WHAT THE TASK ASKS: The answer must consist of each line below that holds the word "Photo", copied as it stands.

SOURCE RECORDS:
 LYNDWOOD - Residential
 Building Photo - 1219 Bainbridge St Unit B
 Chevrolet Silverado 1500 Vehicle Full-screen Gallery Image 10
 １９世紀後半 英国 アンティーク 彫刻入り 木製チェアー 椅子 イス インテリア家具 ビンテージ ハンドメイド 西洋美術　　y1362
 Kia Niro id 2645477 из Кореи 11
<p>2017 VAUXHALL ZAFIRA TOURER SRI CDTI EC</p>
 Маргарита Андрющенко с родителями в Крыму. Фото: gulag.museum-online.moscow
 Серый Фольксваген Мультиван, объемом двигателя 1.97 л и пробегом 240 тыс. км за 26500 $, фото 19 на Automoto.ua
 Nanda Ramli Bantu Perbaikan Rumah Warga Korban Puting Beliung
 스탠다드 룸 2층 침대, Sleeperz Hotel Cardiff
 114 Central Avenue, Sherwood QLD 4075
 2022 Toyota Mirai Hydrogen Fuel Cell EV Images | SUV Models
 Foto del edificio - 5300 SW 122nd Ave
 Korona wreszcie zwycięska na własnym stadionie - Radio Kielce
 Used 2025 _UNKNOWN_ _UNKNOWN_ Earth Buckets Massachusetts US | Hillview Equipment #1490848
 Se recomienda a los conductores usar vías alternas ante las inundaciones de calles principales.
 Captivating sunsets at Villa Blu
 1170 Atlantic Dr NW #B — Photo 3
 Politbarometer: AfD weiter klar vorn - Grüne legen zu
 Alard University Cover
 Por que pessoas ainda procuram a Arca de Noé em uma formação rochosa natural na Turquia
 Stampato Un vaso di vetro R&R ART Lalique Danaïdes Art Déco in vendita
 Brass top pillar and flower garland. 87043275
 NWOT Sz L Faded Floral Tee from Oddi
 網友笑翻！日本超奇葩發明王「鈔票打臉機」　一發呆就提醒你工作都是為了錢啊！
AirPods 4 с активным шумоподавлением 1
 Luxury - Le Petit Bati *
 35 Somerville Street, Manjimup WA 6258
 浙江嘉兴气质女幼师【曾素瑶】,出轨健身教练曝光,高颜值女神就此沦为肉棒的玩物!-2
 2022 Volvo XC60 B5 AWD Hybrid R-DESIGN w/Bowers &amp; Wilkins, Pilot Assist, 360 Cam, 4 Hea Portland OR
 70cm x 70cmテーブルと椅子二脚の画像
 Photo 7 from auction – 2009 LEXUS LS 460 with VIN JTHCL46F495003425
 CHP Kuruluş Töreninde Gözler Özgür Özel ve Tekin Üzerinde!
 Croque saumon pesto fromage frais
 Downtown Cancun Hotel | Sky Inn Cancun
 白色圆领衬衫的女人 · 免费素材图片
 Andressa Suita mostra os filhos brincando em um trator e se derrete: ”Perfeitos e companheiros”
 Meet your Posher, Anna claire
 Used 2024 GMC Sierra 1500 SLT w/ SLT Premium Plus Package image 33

RESULT OF THIS TASK:
 Building Photo - 1219 Bainbridge St Unit B
 1170 Atlantic Dr NW #B — Photo 3
 Photo 7 from auction – 2009 LEXUS LS 460 with VIN JTHCL46F495003425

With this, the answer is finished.